[Short web captions]
----------

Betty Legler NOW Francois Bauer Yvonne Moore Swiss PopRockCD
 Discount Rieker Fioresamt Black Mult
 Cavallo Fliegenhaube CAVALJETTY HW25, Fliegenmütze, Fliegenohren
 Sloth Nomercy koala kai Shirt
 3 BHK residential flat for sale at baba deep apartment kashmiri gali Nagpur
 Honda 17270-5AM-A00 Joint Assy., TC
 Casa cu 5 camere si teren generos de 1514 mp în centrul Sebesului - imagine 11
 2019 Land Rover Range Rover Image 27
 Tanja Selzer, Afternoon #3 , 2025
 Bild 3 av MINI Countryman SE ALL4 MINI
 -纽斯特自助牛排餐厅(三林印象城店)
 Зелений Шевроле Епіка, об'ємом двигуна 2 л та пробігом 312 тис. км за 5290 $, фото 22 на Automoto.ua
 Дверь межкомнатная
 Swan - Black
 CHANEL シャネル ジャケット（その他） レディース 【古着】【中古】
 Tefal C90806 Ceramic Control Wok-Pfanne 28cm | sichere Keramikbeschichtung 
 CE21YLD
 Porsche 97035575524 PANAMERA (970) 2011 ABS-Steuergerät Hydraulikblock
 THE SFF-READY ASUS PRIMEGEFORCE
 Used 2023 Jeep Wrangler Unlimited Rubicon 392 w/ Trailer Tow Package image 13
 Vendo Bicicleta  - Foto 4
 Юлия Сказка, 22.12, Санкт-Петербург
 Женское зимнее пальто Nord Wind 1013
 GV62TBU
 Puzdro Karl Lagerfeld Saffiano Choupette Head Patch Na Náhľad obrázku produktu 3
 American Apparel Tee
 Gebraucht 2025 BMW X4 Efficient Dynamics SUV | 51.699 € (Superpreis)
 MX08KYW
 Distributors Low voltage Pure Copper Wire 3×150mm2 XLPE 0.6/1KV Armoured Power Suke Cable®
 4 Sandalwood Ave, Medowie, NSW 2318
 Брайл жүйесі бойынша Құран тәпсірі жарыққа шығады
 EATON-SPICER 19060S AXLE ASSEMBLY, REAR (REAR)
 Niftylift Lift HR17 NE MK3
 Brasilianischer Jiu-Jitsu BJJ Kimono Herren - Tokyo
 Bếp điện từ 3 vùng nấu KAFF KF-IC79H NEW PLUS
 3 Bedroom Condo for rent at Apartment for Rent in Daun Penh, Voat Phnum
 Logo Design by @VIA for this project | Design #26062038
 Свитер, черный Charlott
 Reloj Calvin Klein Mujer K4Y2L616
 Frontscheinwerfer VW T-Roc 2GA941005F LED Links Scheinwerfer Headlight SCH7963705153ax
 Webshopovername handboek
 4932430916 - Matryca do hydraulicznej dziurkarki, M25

----------

_Assigned task_
Print, exactly and only, the lines running from the one with "Webshopovername handboek" to the end of the data above.

_Written solution_
 Webshopovername handboek
 4932430916 - Matryca do hydraulicznej dziurkarki, M25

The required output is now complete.